Justice is sought with regard to individual slayings of African Americans, most recently Alton Sterling and Philando Castile. When President Obama mentions those particular slayings, he at the same time mentions systemic disparate treatment of African Americans in the American legal system. Plenty of statistics show police stops, arrests, prosecutions, sentencing and incarceration are pretty tough on African Americans. What’s not clear is whether this is due to systemic racism or higher rates of offending by African Americans. Each side in this debate marshals its own statistics. Progressives typically refer to Michelle Alexander’s book, The New Jim Crow, which unfortunately does not contain any solutions. Conservatives prefer the simple statement of Milwaukee County Sheriff David A. Clarke, Jr. when he recommends that we, “Stop trying to fix the police – Fix the ghetto!” Fixing the ghetto has proven almost impossible, and the War on Poverty made things worse.

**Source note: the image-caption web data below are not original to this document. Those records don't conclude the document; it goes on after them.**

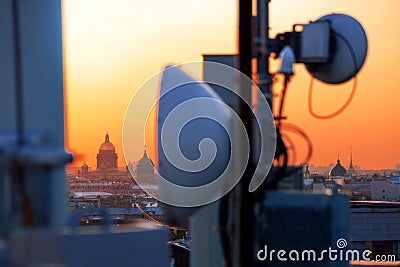 Cellular antennas on the roofs at sunset Stock Photo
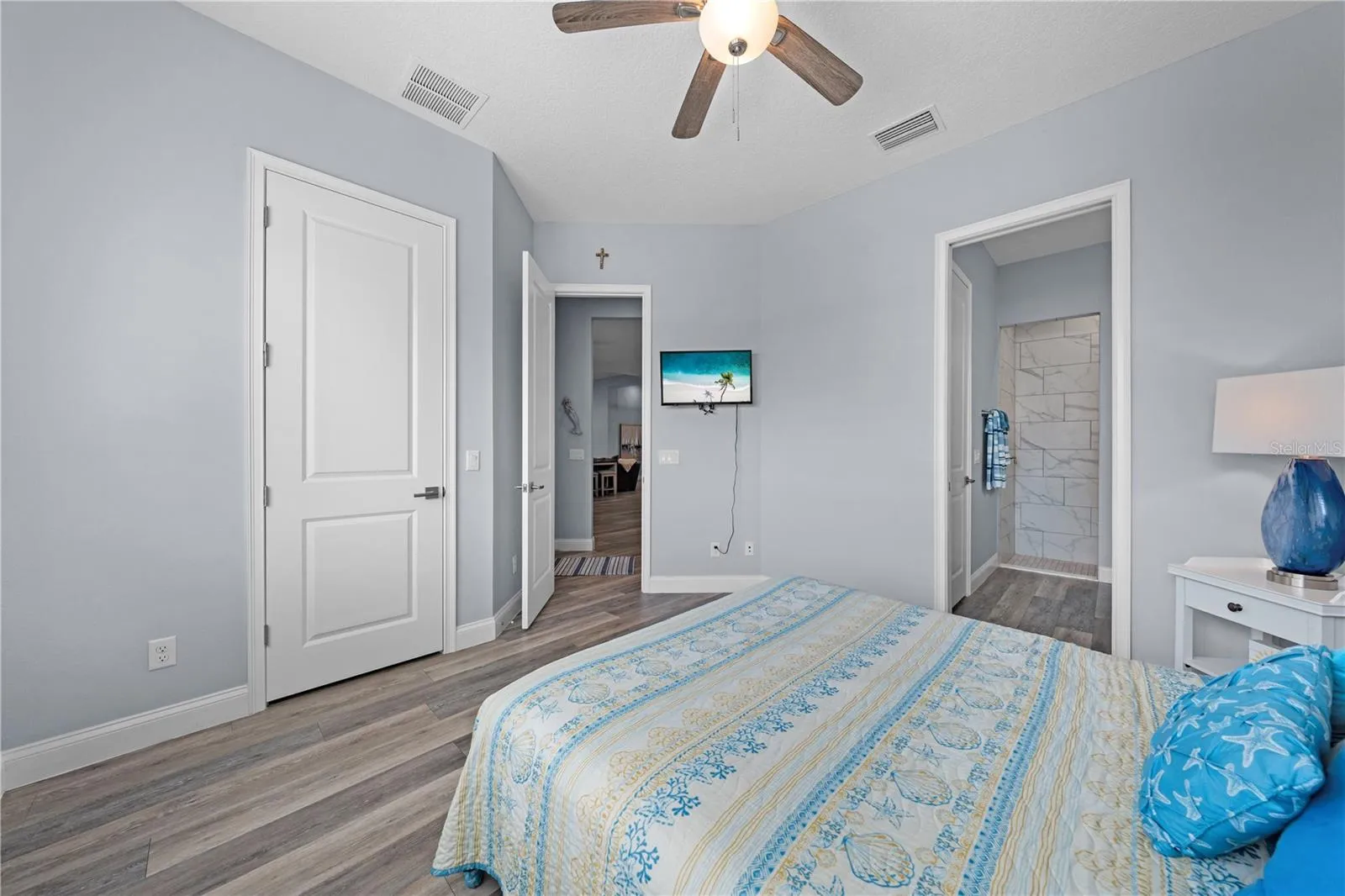 2nd primary bedroom with plantation shutters overlooking the lake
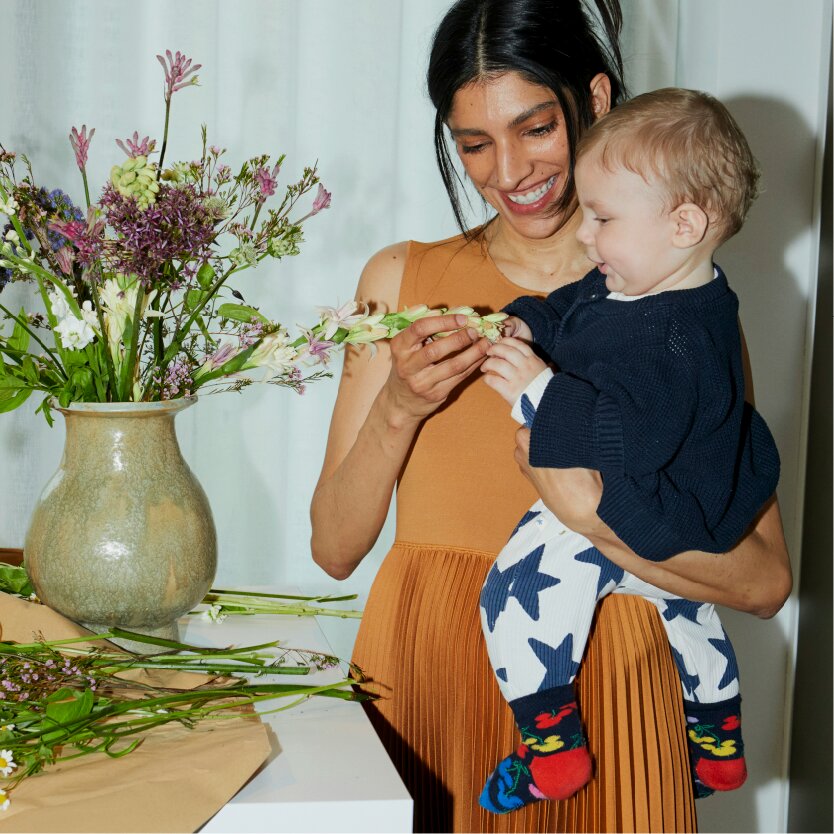 A smiling woman holds a baby while they look at a flower she is arranging in a vase.
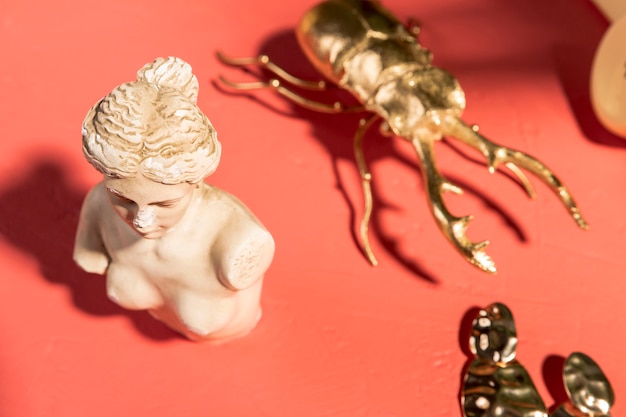 Venus bust next to golden scarab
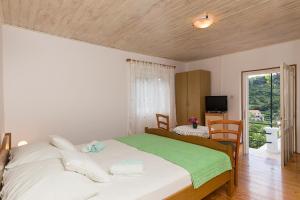 a bedroom with a large bed with a green blanket at Apartments Miskovic in Koločep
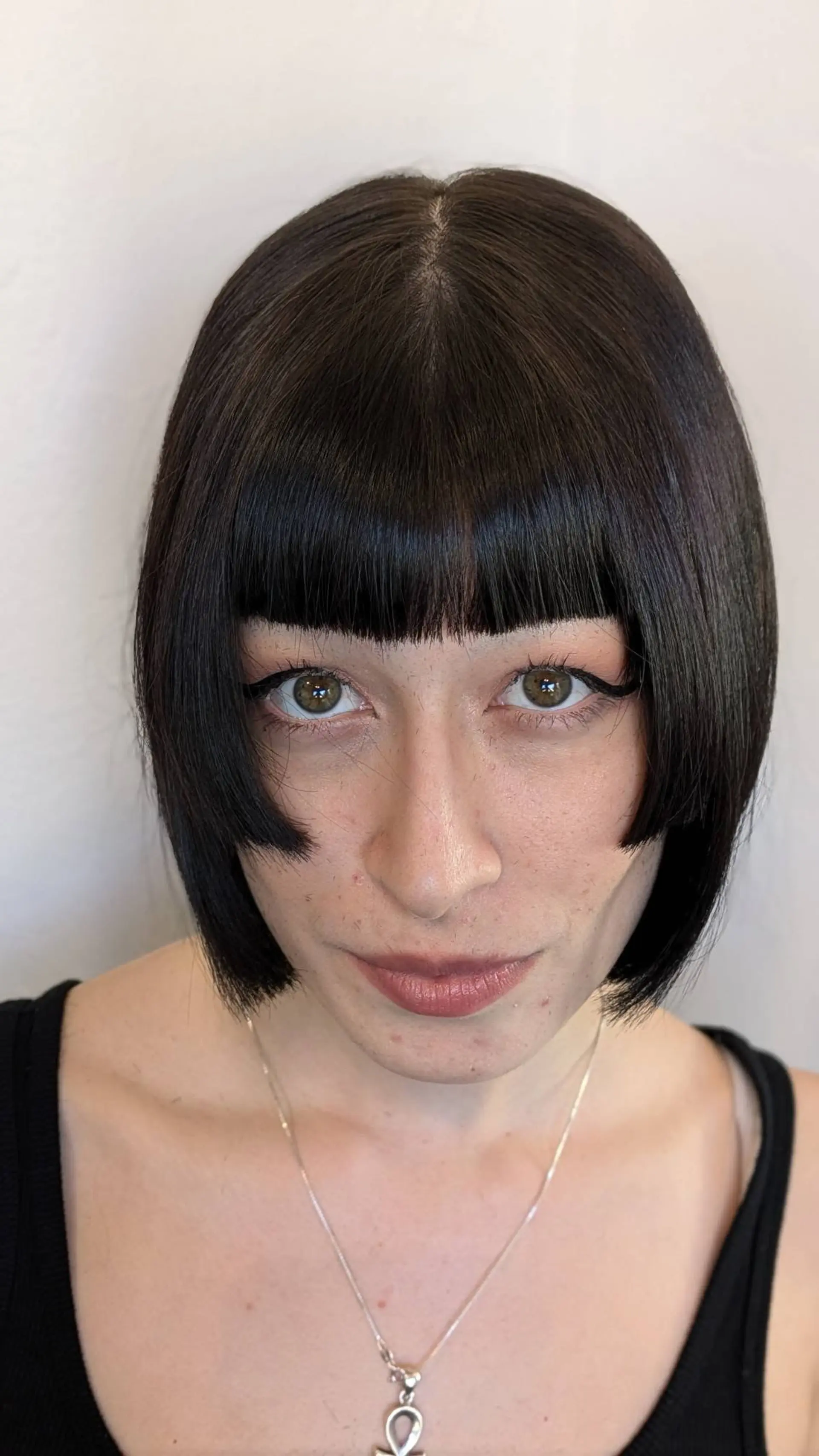 A sleek dark chin-length bob featuring straight blunt bangs and sharp cheekbone-length disconnect steps framing the face. 1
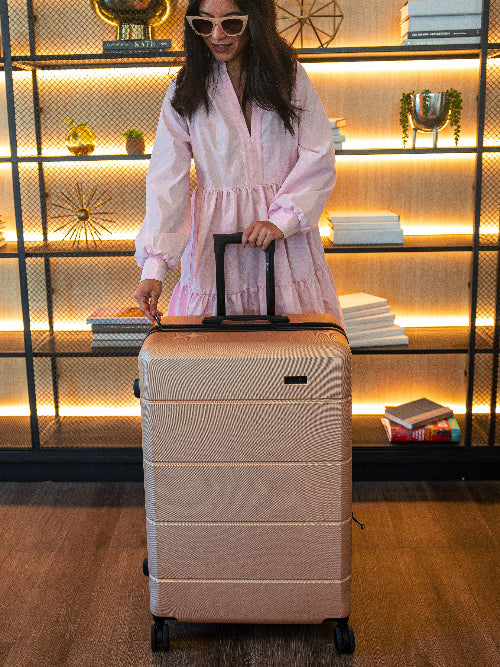 Woman in a pink robe holding a beige suitcase in a room with shelves and books.
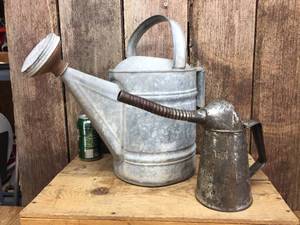 lot 137 image: Vintage Water & Oil Cans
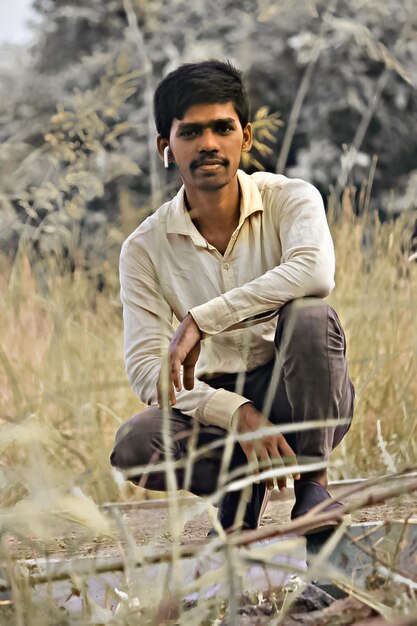 Photo portrait d'un jeune homme accroupi sur la terre ferme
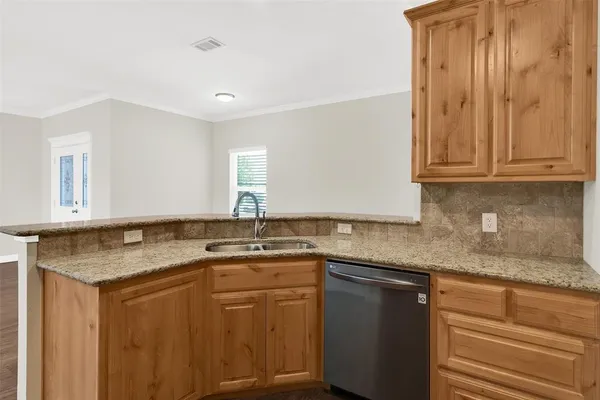 a kitchen with stainless steel appliances granite countertop a sink and dishwasher with wooden cabinets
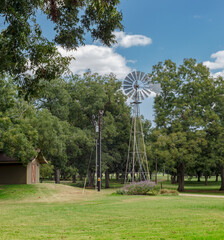 old windmill in the countryside next to small building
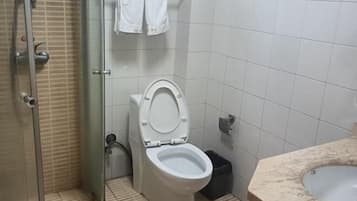 Un baño con inodoro, ducha y lavamanos.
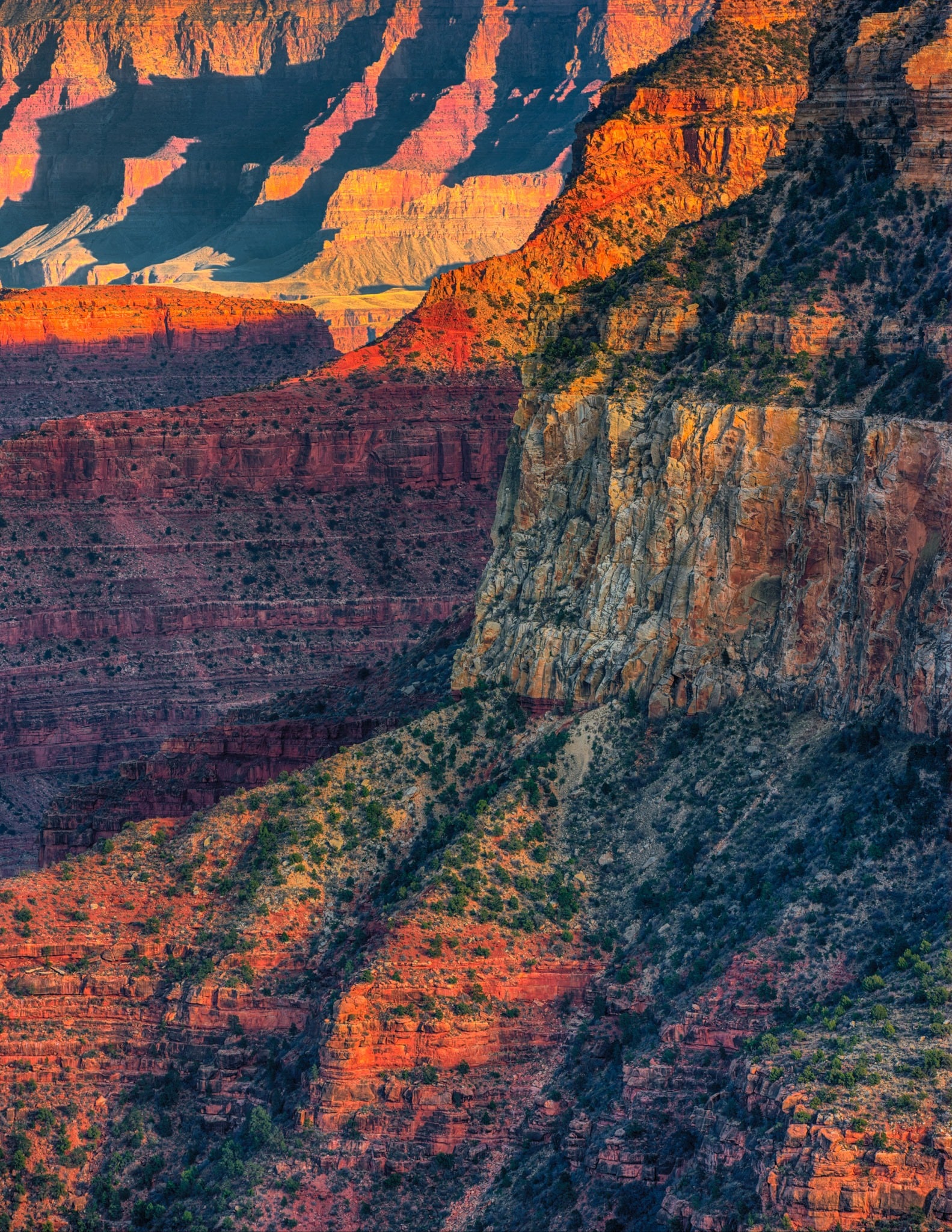 A view of the upper rock formations of the Grand Canyon as seen from the South Rim in Arizona.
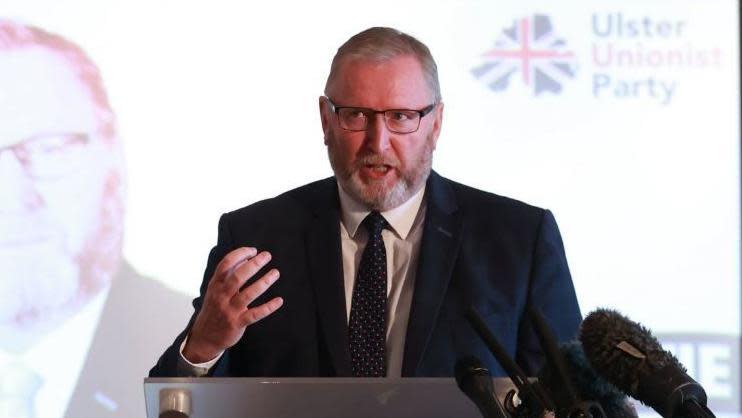 Doug Beattie standing at a podium and speaking at the Ulster Unionist Party manifesto launch. He is wearing a blue suit jacket, tie and white shirt.  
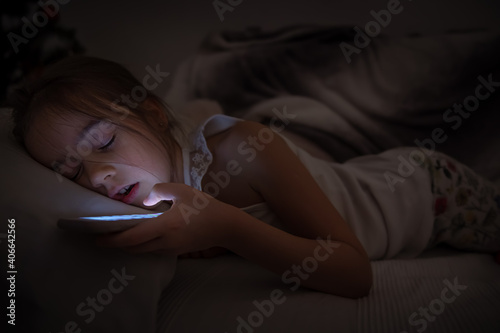 A cute little girl fell asleep on a pillow with a phone in her hand.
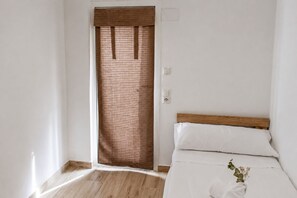 A bedroom with a wooden bed frame, white bedding, and a wooden floor. - Casa El Calvario, where you can take a break, relax, and enjoy time with family and friends. (Bolbaite)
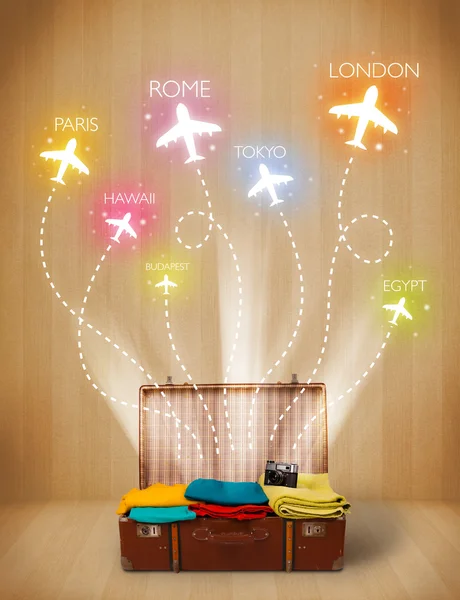 Travel bag with clothes and colorful planes flying out — Stock Photo, Image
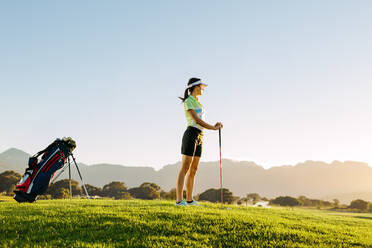 Junge kaukasische Frau steht an einem Sommertag auf einem Golfplatz und hält einen Golfschläger in der Hand. - JLPSF27935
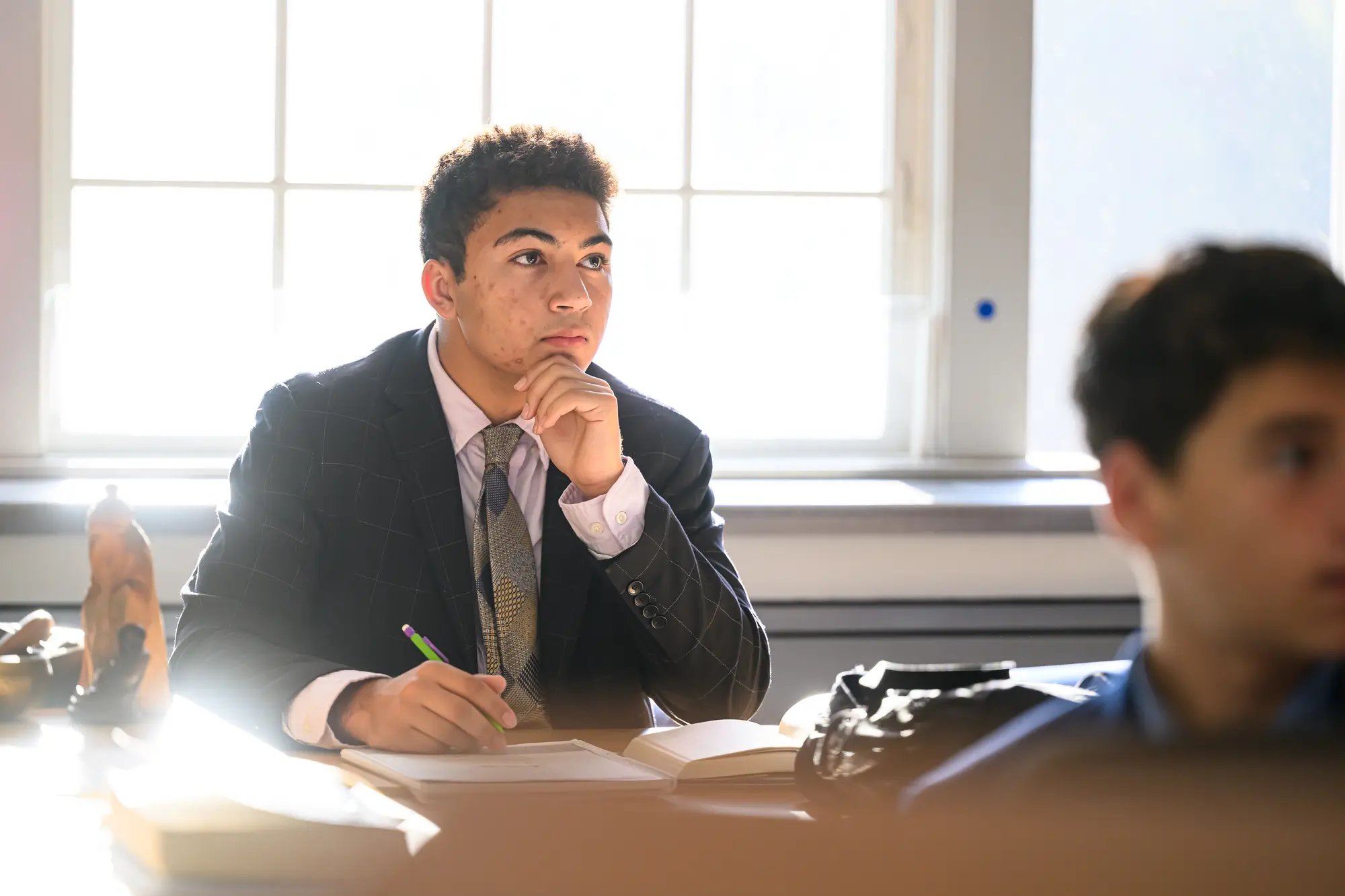 a high school boy pays attention in class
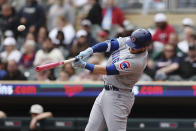 CORRECTS DATE TO MAY 14 INSTEAD OF MAY 15 - Chicago Cubs' Ian Happ hits a fly ball to Minnesota Twins center fielder Nick Gordon for an out during the first inning of a baseball game Sunday, May 14, 2023, in Minneapolis. (AP Photo/Stacy Bengs)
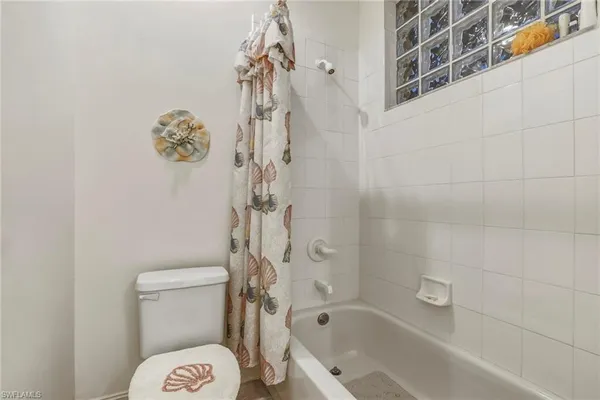 a bathroom with a toilet and shower
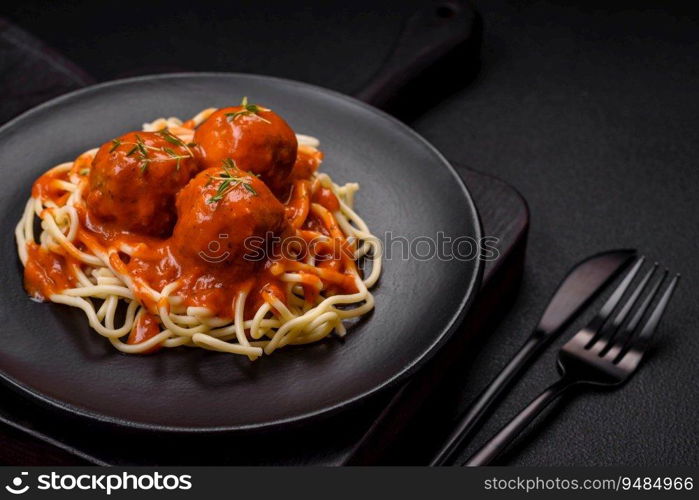 Delicious fresh meatballs and pasta in tomato sauce with salt, spices and herbs on a dark concrete background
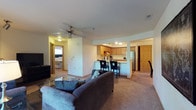 This single-floor residence offers a thoughtfully designed open-concept layout connecting the living, dining, and kitchen areas. The living room features a ceiling fan, a gas fireplace with a wood-trimmed mantel set into a built-in niche, and a sliding glass door that allows natural light and outdoor views. A glass-top coffee table and plush carpeting complete the comfortable setting.

The kitchen is well-equipped with warm oak cabinetry, stainless steel appliances including a range and refrigerator, a double sink, and wood-look flooring. A breakfast bar with bar seating connects the kitchen to the living space, while a separate dining area accommodates a four-seat glass-top table beneath a pendant light fixture.

Two bedrooms, each carpeted and featuring windows with natural light, offer closet storage and space for full or queen-sized beds. Two bathrooms are present — one with a shower/tub combination and the other with a walk-in shower — both featuring wood-look flooring and oak vanity cabinetry.

A dedicated in-unit laundry area houses a full-sized washer and dryer with overhead cabinetry, adding notable convenience to this functional and comfortable space.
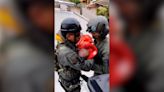 Rescuers smash roof with brick to save baby from Brazil floods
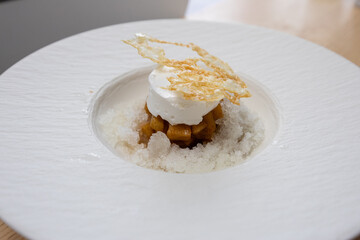 A plate of poached meringue dessert with shaved ice and cooked apples.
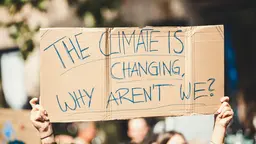 Person hold up sign saying 'The climate is changing, why aren't we?'.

The critical interface between suspects and the police generates the most publicity, especially when African Americans are shot by white police officers. This publicized interaction in cases over the last several years represents only the first juncture in the legal system. There are multiple later stages of the criminal justice system under criticism. Police shootings generate controversy which then includes all the later stages of the system. Discussion of perceived injustice in subsequent stages of the criminal justice system makes the statistical analysis impossibly complex for any use with the problem of police shootings based upon split-second decisions. As a result, critics place discontent of the entire system upon these split-second decisions. The slaying of African Americans becomes the mascot for all the perceived discrimination in the entire criminal justice system… and sometimes American economy. Uncertainty surrounds recent shootings until investigations, grand juries, trials and even sentencing conclude.
Lately, some have departed from the non-violence preached by the Rev. Dr. Martin Luther King, Junior. With these great complicated questions under discussion, addressing the problem of police shootings has a simpler solution than the larger controversies make us believe.
Most of the publicized police shootings in the last few years might have been prevented had citizens obeyed all of the following accepted rules when stopped or approached by police officers:
- Obey the instructions and orders of the police – it’s the law.
- Do not interfere with, or obstruct the police, as you can be arrested for it.
- Think carefully about your words, movement, body language, and emotions.
- Do not get into an argument with the police.
- Keep your hands where the police can see them.
- Do not run. Do not touch any police officer.
- Do not resist even if you believe you are innocent.
Out of respect for law enforcement and all lives, our leaders should educate the public about these common sense rules. This is what the Rev. Dr. Martin Luther King, Jr. would have us do now.